What you should do >>
Check each line of the records below for the string "Wood", then state how many lines contain it, with no other output.

Stored items >>

○ ○ ○ ○ ○

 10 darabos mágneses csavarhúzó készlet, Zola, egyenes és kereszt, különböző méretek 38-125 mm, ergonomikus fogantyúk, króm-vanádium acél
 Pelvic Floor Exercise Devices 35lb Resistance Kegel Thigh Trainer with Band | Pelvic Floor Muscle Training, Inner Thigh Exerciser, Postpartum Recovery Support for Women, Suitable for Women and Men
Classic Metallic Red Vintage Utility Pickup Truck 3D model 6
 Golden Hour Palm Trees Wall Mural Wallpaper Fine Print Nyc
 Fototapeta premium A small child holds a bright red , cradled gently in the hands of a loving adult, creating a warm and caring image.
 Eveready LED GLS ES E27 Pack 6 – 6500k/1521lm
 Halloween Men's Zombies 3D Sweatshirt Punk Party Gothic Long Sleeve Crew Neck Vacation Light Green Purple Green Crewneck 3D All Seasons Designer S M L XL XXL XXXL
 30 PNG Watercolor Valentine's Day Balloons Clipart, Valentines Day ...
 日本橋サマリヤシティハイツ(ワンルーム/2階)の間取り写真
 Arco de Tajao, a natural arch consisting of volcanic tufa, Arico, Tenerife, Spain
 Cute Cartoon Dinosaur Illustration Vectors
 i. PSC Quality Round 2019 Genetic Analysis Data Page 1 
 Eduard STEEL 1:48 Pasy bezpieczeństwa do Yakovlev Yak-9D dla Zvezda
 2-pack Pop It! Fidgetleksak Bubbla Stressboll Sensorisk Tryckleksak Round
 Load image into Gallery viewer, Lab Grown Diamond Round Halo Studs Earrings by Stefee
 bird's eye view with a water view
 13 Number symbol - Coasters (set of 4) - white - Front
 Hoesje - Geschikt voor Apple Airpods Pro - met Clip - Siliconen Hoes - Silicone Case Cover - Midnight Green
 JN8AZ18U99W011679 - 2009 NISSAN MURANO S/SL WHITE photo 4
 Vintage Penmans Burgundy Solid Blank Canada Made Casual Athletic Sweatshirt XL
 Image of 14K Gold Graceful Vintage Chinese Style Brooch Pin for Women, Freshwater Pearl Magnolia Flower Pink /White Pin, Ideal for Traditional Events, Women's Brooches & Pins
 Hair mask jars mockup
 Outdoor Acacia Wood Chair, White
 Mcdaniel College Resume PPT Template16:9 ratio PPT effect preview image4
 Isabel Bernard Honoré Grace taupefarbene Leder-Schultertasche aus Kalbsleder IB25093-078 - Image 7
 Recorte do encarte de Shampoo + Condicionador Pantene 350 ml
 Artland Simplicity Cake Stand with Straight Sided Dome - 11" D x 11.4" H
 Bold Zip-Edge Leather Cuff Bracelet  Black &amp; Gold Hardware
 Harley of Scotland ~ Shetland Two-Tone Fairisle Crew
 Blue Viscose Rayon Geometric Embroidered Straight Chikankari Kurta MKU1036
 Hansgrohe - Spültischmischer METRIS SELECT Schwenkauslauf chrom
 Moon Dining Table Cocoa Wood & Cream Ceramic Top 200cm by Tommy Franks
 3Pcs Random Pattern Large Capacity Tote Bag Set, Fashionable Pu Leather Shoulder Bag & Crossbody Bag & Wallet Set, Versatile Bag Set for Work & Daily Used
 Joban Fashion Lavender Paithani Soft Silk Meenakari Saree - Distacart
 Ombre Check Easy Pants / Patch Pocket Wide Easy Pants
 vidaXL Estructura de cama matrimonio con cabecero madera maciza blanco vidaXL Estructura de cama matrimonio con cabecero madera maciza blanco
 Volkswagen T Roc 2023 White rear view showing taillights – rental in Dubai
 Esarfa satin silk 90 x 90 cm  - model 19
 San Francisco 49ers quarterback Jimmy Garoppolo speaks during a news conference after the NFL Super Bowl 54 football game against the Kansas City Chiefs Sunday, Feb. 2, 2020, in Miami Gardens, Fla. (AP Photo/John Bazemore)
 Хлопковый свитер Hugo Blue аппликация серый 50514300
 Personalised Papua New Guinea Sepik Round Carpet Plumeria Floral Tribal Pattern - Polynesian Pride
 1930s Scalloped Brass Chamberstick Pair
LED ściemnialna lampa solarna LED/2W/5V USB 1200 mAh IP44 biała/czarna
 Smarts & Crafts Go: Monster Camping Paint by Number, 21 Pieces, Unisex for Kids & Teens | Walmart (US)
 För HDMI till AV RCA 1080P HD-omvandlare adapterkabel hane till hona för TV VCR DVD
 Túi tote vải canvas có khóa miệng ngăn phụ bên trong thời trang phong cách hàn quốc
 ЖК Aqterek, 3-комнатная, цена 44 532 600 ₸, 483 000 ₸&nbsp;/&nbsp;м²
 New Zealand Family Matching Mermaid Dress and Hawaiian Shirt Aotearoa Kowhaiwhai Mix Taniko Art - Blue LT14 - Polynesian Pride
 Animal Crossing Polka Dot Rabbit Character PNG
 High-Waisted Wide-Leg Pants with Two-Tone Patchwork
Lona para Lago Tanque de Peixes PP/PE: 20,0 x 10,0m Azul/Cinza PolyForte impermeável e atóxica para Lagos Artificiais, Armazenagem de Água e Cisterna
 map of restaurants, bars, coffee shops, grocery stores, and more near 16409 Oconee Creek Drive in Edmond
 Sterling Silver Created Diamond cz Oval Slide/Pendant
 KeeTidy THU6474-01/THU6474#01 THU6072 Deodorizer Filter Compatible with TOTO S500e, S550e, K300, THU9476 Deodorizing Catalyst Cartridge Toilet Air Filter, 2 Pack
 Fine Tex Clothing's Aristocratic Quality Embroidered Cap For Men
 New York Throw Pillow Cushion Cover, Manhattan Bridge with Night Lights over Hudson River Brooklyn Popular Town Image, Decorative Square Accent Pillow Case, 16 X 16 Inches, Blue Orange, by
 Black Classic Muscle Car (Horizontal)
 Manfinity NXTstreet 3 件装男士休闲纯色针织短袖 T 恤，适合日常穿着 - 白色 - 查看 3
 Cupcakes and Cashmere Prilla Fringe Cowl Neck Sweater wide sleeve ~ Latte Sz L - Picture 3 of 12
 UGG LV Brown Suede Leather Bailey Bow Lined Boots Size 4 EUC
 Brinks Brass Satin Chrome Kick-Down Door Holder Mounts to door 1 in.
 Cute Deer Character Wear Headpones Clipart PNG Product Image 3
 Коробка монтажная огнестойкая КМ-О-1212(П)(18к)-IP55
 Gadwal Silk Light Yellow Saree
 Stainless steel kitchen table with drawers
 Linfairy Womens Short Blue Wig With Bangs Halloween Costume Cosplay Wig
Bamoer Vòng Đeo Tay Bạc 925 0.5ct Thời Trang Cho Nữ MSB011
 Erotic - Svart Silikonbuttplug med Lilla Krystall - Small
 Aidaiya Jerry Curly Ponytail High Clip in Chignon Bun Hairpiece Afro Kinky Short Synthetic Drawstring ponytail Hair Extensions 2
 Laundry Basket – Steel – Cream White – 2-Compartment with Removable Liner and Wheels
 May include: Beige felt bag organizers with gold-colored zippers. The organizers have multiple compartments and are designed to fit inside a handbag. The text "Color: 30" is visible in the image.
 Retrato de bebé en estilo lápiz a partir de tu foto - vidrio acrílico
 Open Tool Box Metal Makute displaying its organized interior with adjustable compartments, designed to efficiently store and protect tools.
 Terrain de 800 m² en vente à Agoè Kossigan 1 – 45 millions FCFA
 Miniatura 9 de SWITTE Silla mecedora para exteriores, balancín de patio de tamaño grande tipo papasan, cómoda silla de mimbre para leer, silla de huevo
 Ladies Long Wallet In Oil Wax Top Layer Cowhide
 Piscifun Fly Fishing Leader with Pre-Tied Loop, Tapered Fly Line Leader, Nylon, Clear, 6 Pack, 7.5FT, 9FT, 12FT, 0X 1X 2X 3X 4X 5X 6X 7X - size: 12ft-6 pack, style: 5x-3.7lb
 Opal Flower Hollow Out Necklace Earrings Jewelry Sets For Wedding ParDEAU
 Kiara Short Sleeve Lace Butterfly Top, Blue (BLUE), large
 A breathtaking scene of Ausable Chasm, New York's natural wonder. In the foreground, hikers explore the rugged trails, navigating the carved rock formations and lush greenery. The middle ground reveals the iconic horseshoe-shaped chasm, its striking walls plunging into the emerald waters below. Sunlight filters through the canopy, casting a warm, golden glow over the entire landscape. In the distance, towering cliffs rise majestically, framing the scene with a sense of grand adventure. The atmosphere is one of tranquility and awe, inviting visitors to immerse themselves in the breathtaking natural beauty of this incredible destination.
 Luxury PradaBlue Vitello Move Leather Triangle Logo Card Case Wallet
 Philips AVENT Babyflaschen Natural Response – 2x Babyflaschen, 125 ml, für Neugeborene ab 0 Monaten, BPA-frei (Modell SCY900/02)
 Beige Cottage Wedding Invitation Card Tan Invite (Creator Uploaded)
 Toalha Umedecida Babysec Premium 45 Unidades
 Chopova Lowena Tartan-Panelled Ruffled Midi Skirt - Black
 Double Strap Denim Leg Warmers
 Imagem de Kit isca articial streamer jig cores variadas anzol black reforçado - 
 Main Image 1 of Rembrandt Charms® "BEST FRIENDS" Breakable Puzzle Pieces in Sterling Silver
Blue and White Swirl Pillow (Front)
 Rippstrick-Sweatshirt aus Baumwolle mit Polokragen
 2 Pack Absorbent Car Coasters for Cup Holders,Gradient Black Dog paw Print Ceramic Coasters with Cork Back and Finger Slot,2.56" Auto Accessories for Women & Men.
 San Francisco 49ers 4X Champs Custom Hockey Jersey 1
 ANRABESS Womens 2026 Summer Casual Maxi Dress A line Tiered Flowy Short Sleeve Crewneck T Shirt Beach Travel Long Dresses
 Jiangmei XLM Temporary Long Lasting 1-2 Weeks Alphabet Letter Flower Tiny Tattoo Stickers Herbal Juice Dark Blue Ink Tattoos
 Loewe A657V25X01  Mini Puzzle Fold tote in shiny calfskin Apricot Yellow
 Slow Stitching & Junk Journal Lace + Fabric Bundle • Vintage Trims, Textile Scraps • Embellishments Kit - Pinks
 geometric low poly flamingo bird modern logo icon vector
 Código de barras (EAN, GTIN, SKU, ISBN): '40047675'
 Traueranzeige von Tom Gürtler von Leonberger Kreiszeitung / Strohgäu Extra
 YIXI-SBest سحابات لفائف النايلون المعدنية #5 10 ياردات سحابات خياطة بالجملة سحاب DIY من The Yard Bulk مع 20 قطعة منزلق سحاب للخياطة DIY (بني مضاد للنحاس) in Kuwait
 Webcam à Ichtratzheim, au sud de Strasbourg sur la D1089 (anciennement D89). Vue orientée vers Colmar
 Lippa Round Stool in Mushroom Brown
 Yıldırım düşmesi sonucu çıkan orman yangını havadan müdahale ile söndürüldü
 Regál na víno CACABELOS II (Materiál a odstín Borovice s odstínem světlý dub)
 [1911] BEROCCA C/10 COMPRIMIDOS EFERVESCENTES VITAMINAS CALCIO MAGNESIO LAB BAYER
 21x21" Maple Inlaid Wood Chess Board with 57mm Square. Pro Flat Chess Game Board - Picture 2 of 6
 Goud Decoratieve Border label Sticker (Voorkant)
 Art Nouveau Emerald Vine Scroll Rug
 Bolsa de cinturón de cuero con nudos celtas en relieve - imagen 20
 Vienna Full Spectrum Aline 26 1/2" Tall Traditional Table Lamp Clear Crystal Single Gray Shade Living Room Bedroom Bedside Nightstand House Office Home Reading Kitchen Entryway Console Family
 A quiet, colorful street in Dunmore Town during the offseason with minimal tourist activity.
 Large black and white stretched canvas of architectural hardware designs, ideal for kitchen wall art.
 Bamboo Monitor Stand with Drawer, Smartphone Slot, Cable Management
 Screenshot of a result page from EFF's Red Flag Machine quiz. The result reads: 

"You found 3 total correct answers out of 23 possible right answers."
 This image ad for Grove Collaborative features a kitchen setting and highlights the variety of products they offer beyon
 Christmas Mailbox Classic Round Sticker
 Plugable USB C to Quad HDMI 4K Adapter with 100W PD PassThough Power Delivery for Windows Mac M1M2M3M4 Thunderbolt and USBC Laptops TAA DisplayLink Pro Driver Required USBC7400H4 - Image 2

○ ○ ○ ○ ○

Solution >>
3